Classical Action for Harmonic Oscillator

[DeclanTKatt]

Homework Statement

Hello. I am attempting to evaluate the classical action of a harmonic oscillator by using the Euler-Lagrange equations.

Homework Equations

The Lagrangian for such an oscillator is

$$ L=(1/2)m(\dot{x}^2-\omega^2 x^2) $$

This is easy enough to solve for. The classical action is defined by $$ S_{cl} = \int L dt$$

The Attempt at a Solution

I know what the answer is, but I am having difficulty achieving it. So far I have used:
$$x=\sin (\omega t) $$
$$\dot{x}=\omega \cos(\omega t)$$

Substituted these into the Lagrangian and then integrated, with respect to t, for the classical action. This did not provide the proper results.

Any suggestions would be greatly appreciated.

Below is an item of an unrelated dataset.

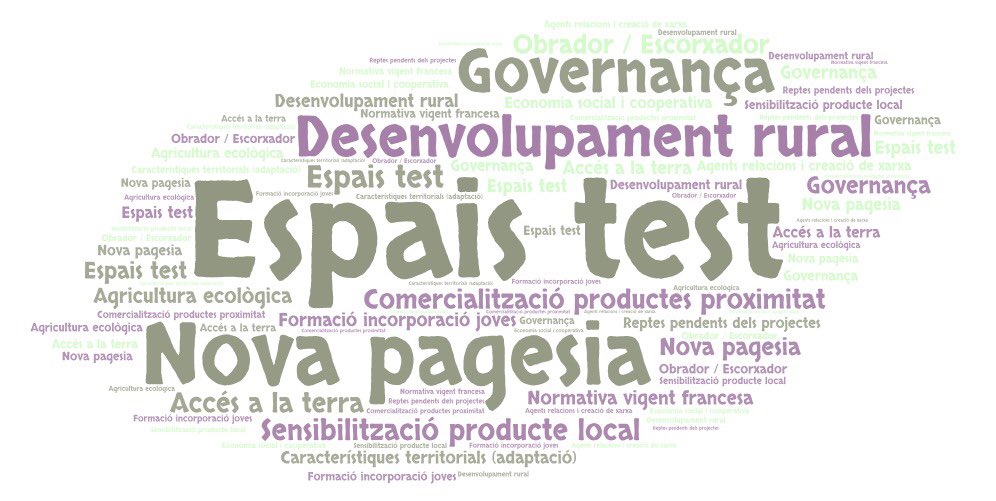 carlesluz's tweet photo. Avui zona de #Montpeller visitarem experiències en el món rural #espaistest #bancdeterres #productelocal #ecologia #futur #rutal @desruralcat @diba @ctforestal https://t.co/wHQKvTNfKf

Thanks

 

[malawi_glenn]

So far I have used:
x=sin⁡(ωt)
x˙=ωcos⁡(ωt)

That is not the most general form of x(t) and the velocity.

Just try to evaulate this integral $\displaystyle \dfrac{m}{2} \int (\dot x{}^2 -\omega^2 x^2) \mathrm{d} t$

Hint: calculate this first $\displaystyle \int \dot x{}^2 \mathrm{d} t$ using integration by parts.
After that, you could figure out a way how to go further, hint number 2: what is the relation between $\ddot x$ and $x$ for an HO?